Friday, January 31, 2014

Your One Wild and Precious Life...



Students have been asked to get a composition book or journal (with binding that is NOT spiral, please) that will be PRIVATE. I ask that parents do not pry or ask to read the journals; I have promised to not look inside the journals as well. It’s an “on your honor” system in which my kids will record their thoughts, hopes, fears, dreams, secrets—anything and everything that is going on in their world at this age. They may write poetry, draw pictures, write stories, use it as a diary, make lists, and more. My hope is that they delve deep into their souls to write from the heart and put their honest and true emotions on the page. In the journal, students are asked to contemplate the prompt from the last two lines of the following poem from Mary Oliver. 


The Summer Day

by Mary Oliver


Who made the world?
Who made the swan, and the black bear?
Who made the grasshopper?
This grasshopper, I mean -
the one who has flung herself
  out of the grass, the one who is eating sugar out
  of my hand,
who is moving her jaws back and
  forth instead of up and down -
who is gazing around with her
  enormous and complicated eyes.
Now she lifts her pale forearms and
  thoroughly washes her face.
Now she snaps her wings open,
  and floats away.
I don't know exactly what a prayer is.
I do know how to pay attention,
  how to fall down
into the grass, how to kneel down
  in the grass,
how to be idle and blessed, how
  to stroll through the fields,
which is what I have been doing all day.
Tell me, what else should I have done?
Doesn't everything die at last, and too soon?
Tell me, what is it you plan to do
with your one wild and precious life?


As you can see, the prompt is: “Tell me, what is it you plan to do / with your one wild and precious life?”


At the end of the year, each journal will be placed into a large manila envelope with each student’s name on the outside. The journals are meant to be a gift to their future selves because I intend to do my best to track down each student and mail them their journals in 20 years. (I realize this will be difficult, but I will do my best to find them.) By then they’ll be in their 30s—an age that seems so distant to them right now, so implausible. It’ll also be a time in their lives when they have experienced much more than they have now, and I’d like for them to be able to look back at what they were like at THIS age and see if they have fulfilled their dreams, broken barriers that they thought they couldn’t overcome, and I want them to have a better understanding of how the paths they’ve chosen in life have led them to where they’re at. When we make choices, we don’t know the consequences of the path that we are choosing until after we’ve traveled down that road, just like in Robert Frost’s poem, THE ROAD NOT TAKEN. 
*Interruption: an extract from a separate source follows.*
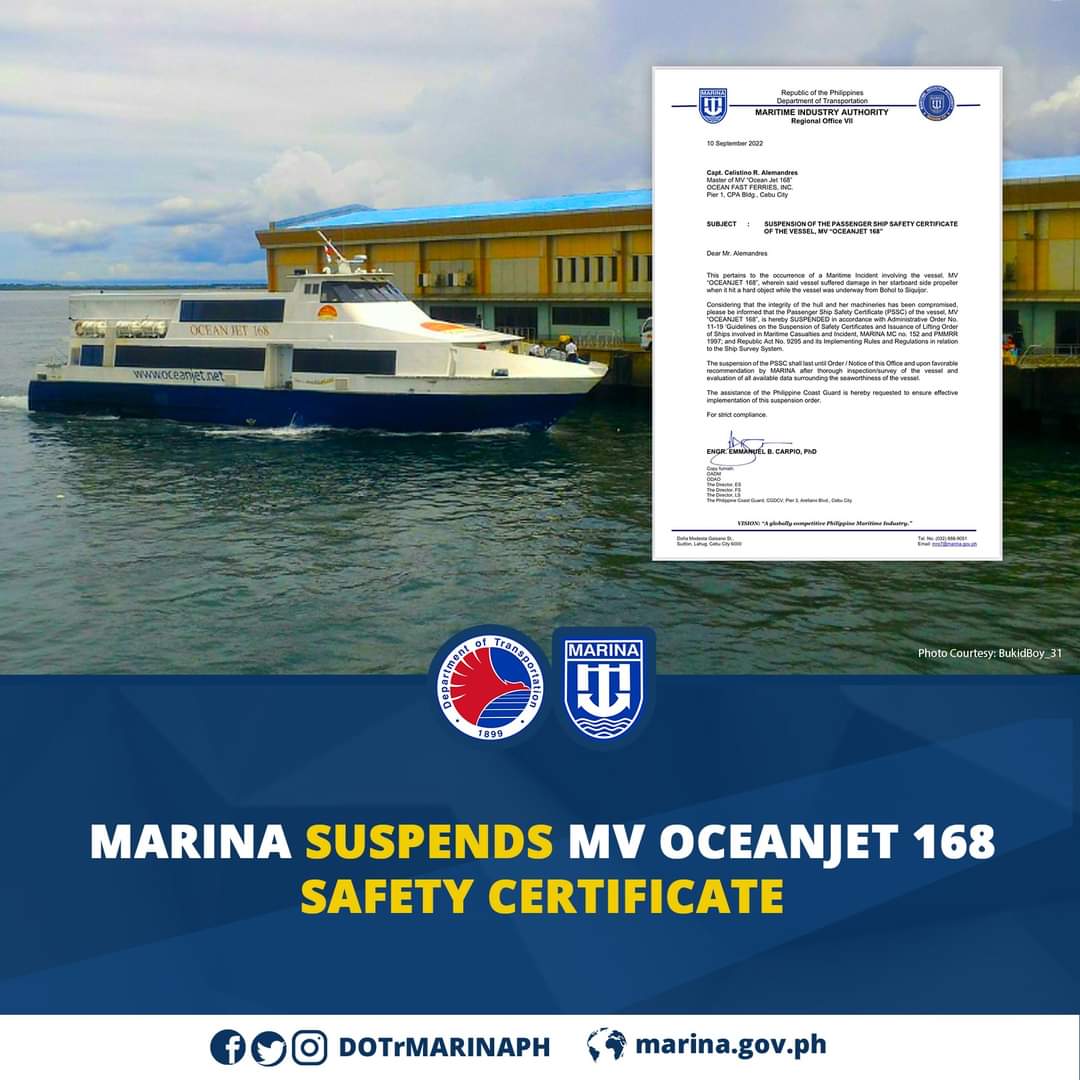 MARINA suspends MV OceanJet 168 safety cert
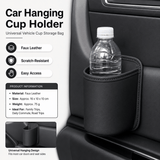 Darrahopens Auto Accessories > Auto Accessories Others > Automotive Decor Black Universal Car Door Cup Holder - PU Leather Hanging Storage Organizer for Seat Back and Console side and Door storage compartment - Multi-Purpose Beverage Pocket with Secure Clip Design for Travel and Commute In Australia - Darrahopens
As a sad but necessary side-note, if I suffer an untimely demise, I’ll have instructions for the journals on the box in which they’re stored. The box of “secrets” will go to someone from this class (or a student’s parent) who can promise not to open any of the envelopes and then to mail them out in 20 years from when they were given to me.


I’m really excited about this project and hope that my kids write about their desires and dreams and what they’re like at this age. I must confess that the idea is not my own, but something that a teacher did in a recent YA novel that I read; therefore I must give credit to Jessi Kirby and her novel GOLDEN for inspiring me to do what Mr. Kinney did for his students during their senior year of high school. 


The prompt goes along with our Essential Question: Who is the Future Me? As we are working on this project, students have been creating Life Maps and imagining themselves anywhere from age 40 – 110 (though they aren’t allowed to be senile). They’ve worked on their Life Maps in class for quite some time and they’ll be expected to present them to the class on Tuesday, February 4. 


They’re also going to create a Portrait Project and do a bit of self-examination, exploring their past, present, and future selves. I took photographs (much to their dismay, ha!!!) and they’ll be displayed with their writing. If you’d like to see the work of some Harvard graduate students who did something similar, you can go to www.bhs.edu/portraitproject and see what those people have written. Obviously my kids won’t be quite so philosophical, but for parents who are questioning what the project might look like, I encourage you to check out the URL.  


We’re nearly at the mid-term of third quarter, so everyone needs to make certain that they’re keeping up with their work and still striving to do their best each and every day. The time that remains for us as a class is waning, and I want us to continue working toward meeting individual goals and being successful.


As always, I appreciate the help and support from my kids’ families; I’ve got a wonderful group and I’m so fortunate to get to know my kids in the time that we share. We’ve become something of a small family of our own here in our classroom.